### Exercise
Retype exactly the lines from the one that contains "Apartment for sale in Muo" through the final line of the material below, and add nothing else.
::::::
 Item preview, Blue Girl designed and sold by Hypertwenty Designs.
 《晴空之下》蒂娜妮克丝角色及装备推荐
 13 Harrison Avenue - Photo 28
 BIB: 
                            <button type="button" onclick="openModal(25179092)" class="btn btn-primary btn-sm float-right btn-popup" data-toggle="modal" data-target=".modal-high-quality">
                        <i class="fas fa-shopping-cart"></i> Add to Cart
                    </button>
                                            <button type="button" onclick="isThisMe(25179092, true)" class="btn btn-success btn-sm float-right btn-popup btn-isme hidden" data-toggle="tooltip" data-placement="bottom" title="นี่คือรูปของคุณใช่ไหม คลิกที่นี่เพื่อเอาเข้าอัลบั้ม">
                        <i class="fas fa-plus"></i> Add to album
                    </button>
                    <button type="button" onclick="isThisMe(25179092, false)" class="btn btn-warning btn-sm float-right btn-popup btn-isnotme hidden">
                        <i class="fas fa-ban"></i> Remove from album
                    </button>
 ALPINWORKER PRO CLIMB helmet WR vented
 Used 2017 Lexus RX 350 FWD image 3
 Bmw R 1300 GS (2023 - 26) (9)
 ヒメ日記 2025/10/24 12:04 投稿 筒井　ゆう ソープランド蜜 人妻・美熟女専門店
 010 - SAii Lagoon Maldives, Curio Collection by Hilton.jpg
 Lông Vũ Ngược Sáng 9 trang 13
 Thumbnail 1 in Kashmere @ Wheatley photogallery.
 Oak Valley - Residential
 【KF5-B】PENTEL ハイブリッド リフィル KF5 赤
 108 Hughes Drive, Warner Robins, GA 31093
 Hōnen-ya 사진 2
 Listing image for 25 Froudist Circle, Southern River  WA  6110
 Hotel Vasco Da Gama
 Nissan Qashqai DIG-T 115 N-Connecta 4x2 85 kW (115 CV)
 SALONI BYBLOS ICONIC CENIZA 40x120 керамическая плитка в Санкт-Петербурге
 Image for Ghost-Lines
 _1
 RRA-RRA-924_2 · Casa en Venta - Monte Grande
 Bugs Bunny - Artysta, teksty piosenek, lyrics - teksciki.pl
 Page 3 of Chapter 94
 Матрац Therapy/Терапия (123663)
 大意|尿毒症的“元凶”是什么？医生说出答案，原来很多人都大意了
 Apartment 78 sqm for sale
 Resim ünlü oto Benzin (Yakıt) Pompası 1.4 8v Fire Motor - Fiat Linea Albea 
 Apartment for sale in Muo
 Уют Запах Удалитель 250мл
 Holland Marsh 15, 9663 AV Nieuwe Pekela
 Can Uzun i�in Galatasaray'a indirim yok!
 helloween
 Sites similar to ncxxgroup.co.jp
::::::
### Worked solution
 Apartment for sale in Muo
 Уют Запах Удалитель 250мл
 Holland Marsh 15, 9663 AV Nieuwe Pekela
 Can Uzun i�in Galatasaray'a indirim yok!
 helloween
 Sites similar to ncxxgroup.co.jp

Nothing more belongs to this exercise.